Privacy & Security Benefits

Why Run AI Locally?
☁ Cloud AI APIs
💸Pay per token (costs add up fast)
🌐Data sent to third-party servers
Network latency (100-500ms)
🚫Rate limits and downtime
Compliance concerns (HIPAA, GDPR)
💻 Local AI
💰Free after hardware investment
🔒Data never leaves your machine
Zero latency (GPU-speed inference)
No rate limits, always available
🛡HIPAA/GDPR compliant by default

Performance Tips

# 1. Use a dedicated embedding model (smaller, faster)
ollama pull nomic-embed-text  # 274 MB, very fast embeddings
# Don't use gemma4:12b for embeddings — it's overkill

# 2. Persist your vector store
vectorstore = Chroma(persist_directory="./chroma_db", embedding_function=embeddings)
# Second run loads instantly — no re-embedding

# 3. Tune chunk size for your data type
# Code: chunk_size=500, overlap=50 (functions are short)
# Legal docs: chunk_size=2000, overlap=400 (context matters)
# Chat logs: chunk_size=300, overlap=0 (each message is independent)

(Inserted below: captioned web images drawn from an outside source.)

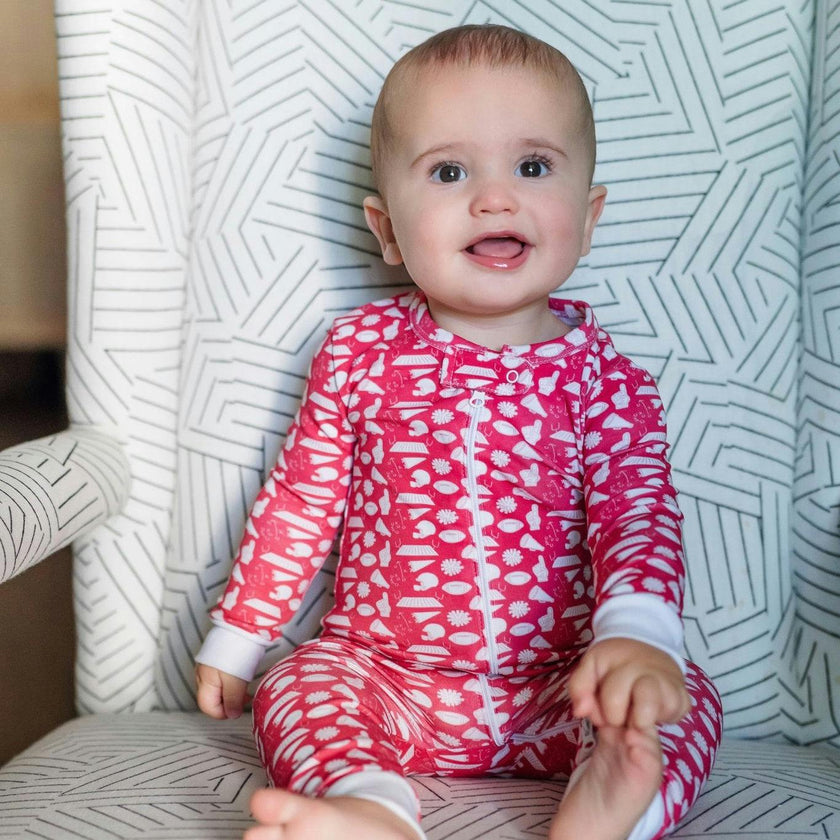 Parker Zipper Pajama - Pep Rally Red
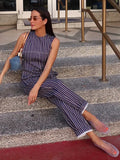 MQTIME  -  Women's Casual Stripe Jumpsuit O-neck Sleeveles High Waist Wide Leg Trousers Bodysuit Female Summer Fashion Lady Rompers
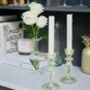 Pair Of Green Glass, Lace Edge Candlesticks, thumbnail 1 of 10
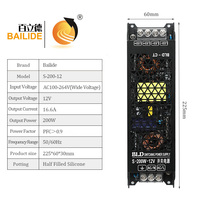 Alimentation à découpage BLD 200W 12V16.6A 24V8.3A à facteur de puissance élevé pour éclairage extérieur de caissons lumineux et panneaux publicitaires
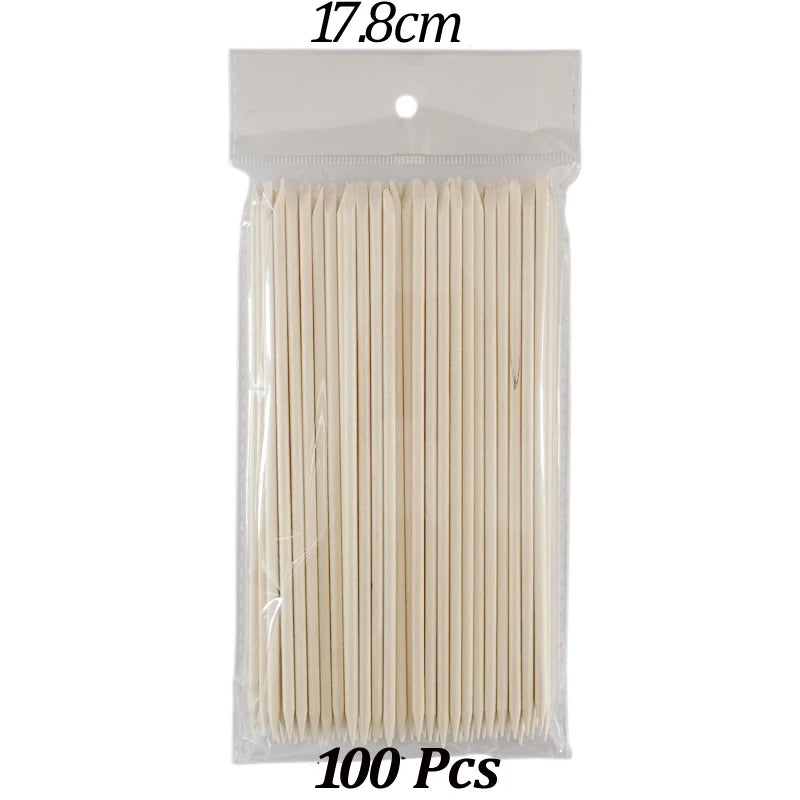 100PCS Cuticle Pusher Remover Nail Art Tools Orange Wood Sticks Rhinestones Picker Bead Pusher Manicure Pedicure Care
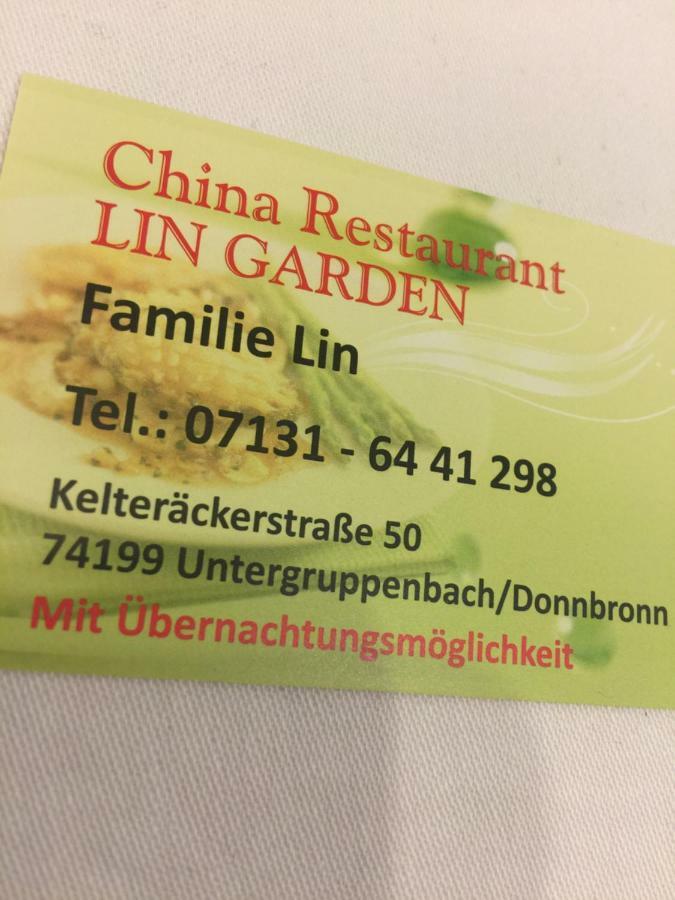 Gaststaette Lin Garden Hotel Untergruppenbach Kültér fotó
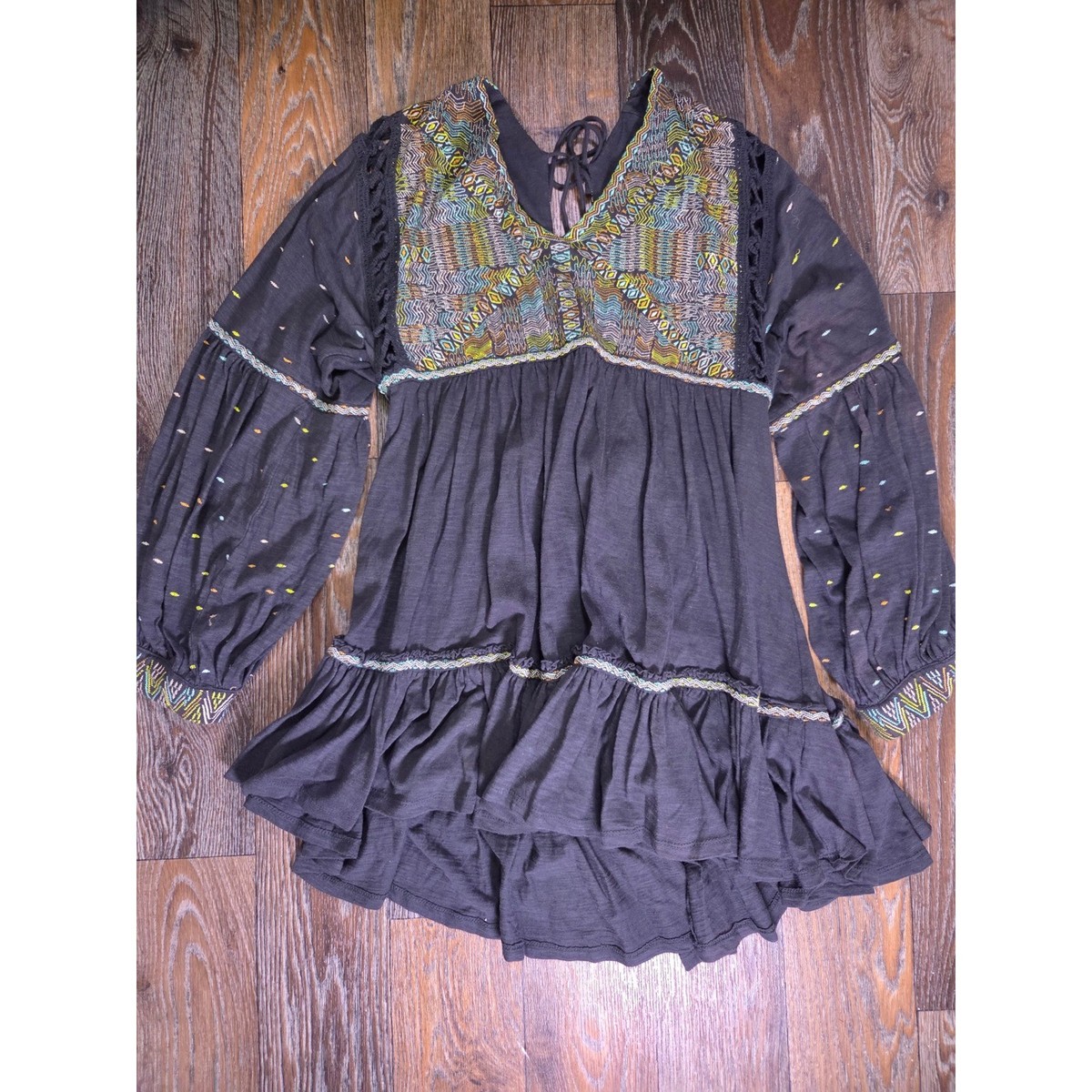 Free People Embroidered Babydoll Tunic Top Black Cotton Gauze Boho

# 4. Use GPU for both embedding and generation
OLLAMA_NUM_GPU=99 ollama serve  # Max GPU layers

# 5. Cache LLM responses for repeated queries
from langchain.cache import SQLiteCache
from langchain.globals import set_llm_cache
set_llm_cache(SQLiteCache(database_path=".langchain.db"))

Local AI isn't just for chatbots anymore. With RAG, your LLM answers questions about your data. With function calling, it takes actions in the real world. With agents, it plans and executes multi-step workflows autonomously. All of this runs on your laptop, costs nothing after setup, and keeps your data completely private. The local AI stack is production-ready — start building.